Lanthimos délaisse pour la première fois ses décors épurés et réalistes dans « La Favorite », en 2018. Démarche assez logique puisqu’il s’agit d’un film en costumes opulents se déroulant à la cour de la reine Anne, pendant les guerres de succession entre l’Angleterre et la France au XVIIIe siècle. Ce drame bouleversant est filmé essentiellement dans la prestigieuse maison de campagne Hatfield House dans le Hertfordshire, construite en 1611, suivant le style jacobéen.

« La Favorite » reste à ce jour le meilleur film de Lanthimos (et un succès surprise auprès du grand public), malgré l’utilisation excessive du grand angle et des objectifs fisheye. Fortement influencée par les meilleures œuvres de Peter Greenaway et son goût pour l’insolite et les compositions symétriques, la mise en scène accentue la distorsion des lignes de fuite en déformant fortement les décors pompeux, pour le plus grand inconfort du spectateur quand la caméra est en mouvement.

Le film bénéficie d’un trio d’actrices remarquables. Les situations extravagantes, féroces et drôles que provoque la rivalité entre les cousines Sarah Churchill (Emma Stone) et la duchesse de Marlborough (Rachel Weisz) pour gagner les faveurs de la reine Anne (Olivia Colman) au caractère instable, fait oublier ces quelques excès visuels de la caméra.

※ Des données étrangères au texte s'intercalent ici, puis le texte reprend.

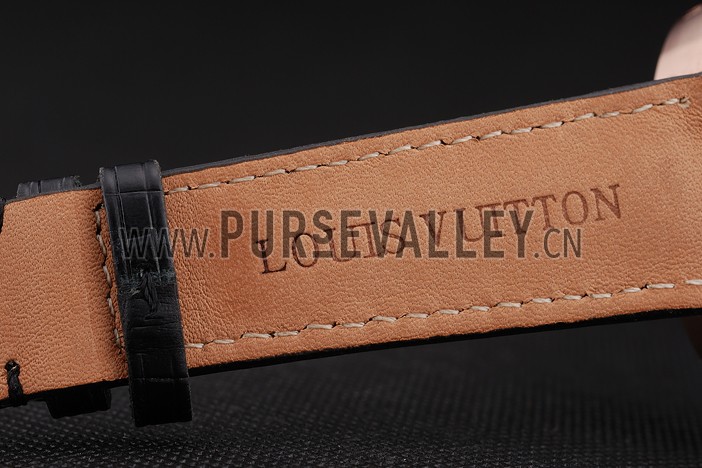 Louis Vuitton Tambour LV Cup Regate Black and White Dial Rose Gold Case Black Leather Strap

« Pauvre Créatures » (2023) va stylistiquement beaucoup plus loin. Dans le registre du fantastique – une variation intelligente et très drôle du mythe de Frankenstein – le film se noie dans une surenchère de décors fantasques et délirants …

… et s’avère encore plus excessif dans l’utilisation frénétique des objectifs fisheye qui donnent le tournis dès que la caméra se déplace. Et cette dernière bouge – malheureusement – beaucoup !

Cela n’empêche pas de belles compositions qui utilisent efficacement le procédé dans des moments dramatiques (les distorsions d’une montée d’escalier), …

… mais employée de manière systématique et combinée à des décors manifestement kitsch, cela crée une surenchère visuelle aussi exubérante qu’assommante.

L’alternance arbitraire de scènes en noir et blanc puis en couleur (le n/b utilisé principalement dans la première partie pour évoquer« l’enfance » de l’héroïne) perturbe la narration d’un récit pourtant captivant, qui aurait mérité un traitement plus sobre pour convaincre.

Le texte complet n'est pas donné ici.